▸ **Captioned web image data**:
──────────

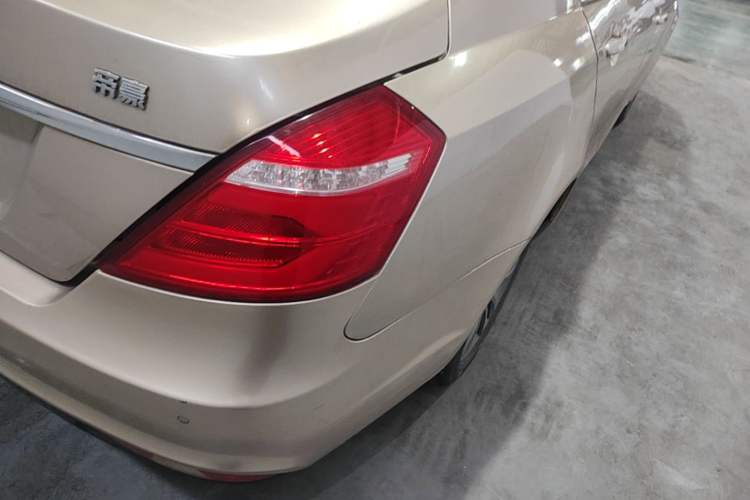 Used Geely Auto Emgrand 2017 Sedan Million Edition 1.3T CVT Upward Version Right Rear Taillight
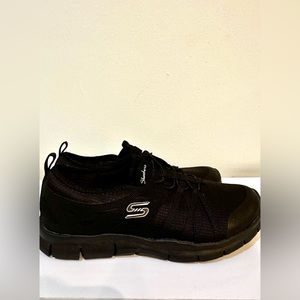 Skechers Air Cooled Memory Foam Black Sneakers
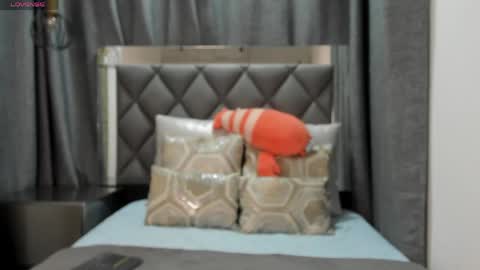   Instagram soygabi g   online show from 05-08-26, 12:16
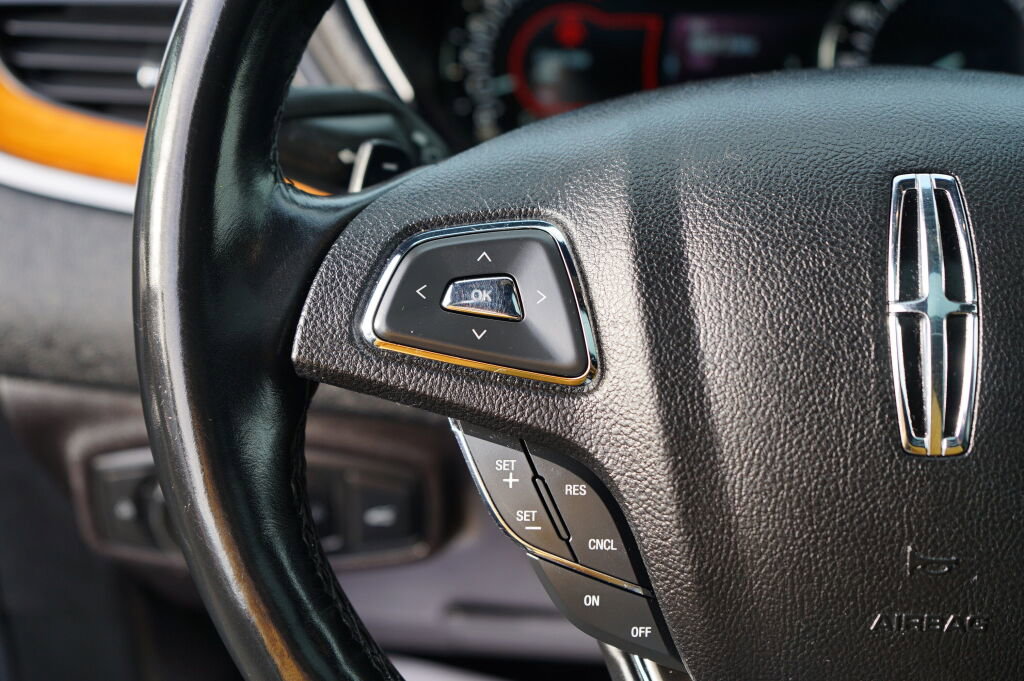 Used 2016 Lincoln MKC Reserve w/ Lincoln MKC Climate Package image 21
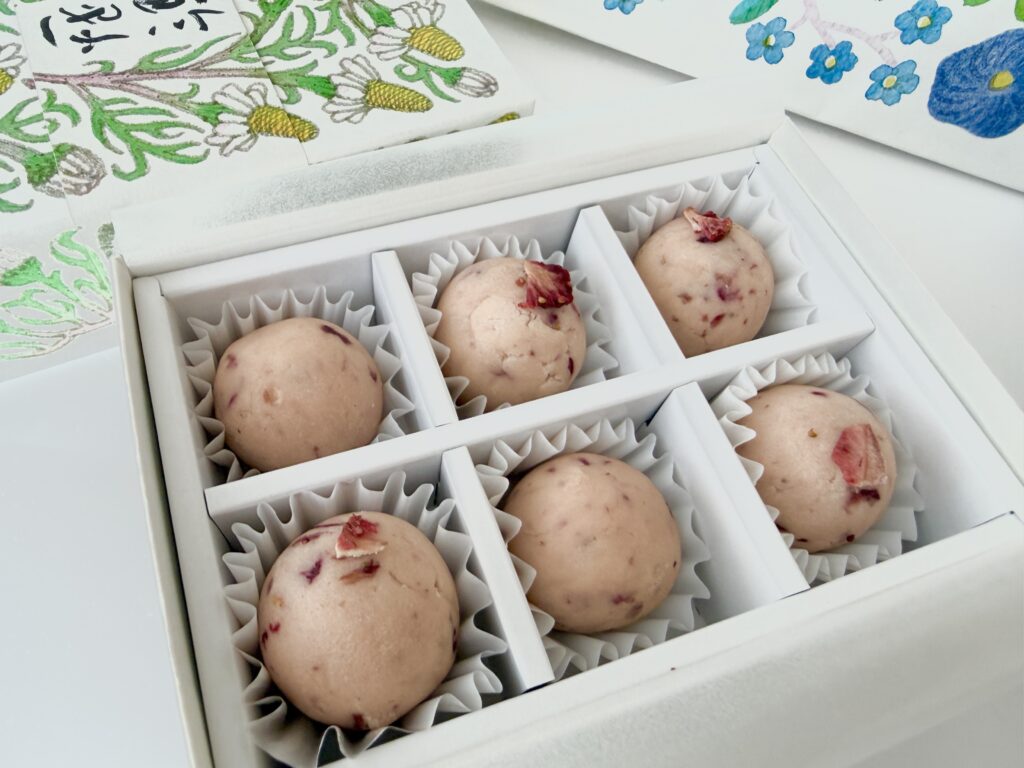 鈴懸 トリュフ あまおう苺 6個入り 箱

──────────

▸ **Task objective**:
Reproduce the data in full. Do not carry over any picture.

▸ **Answer box**:
 Used Geely Auto Emgrand 2017 Sedan Million Edition 1.3T CVT Upward Version Right Rear Taillight
 Skechers Air Cooled Memory Foam Black Sneakers
   Instagram soygabi g   online show from 05-08-26, 12:16
 Used 2016 Lincoln MKC Reserve w/ Lincoln MKC Climate Package image 21
 鈴懸 トリュフ あまおう苺 6個入り 箱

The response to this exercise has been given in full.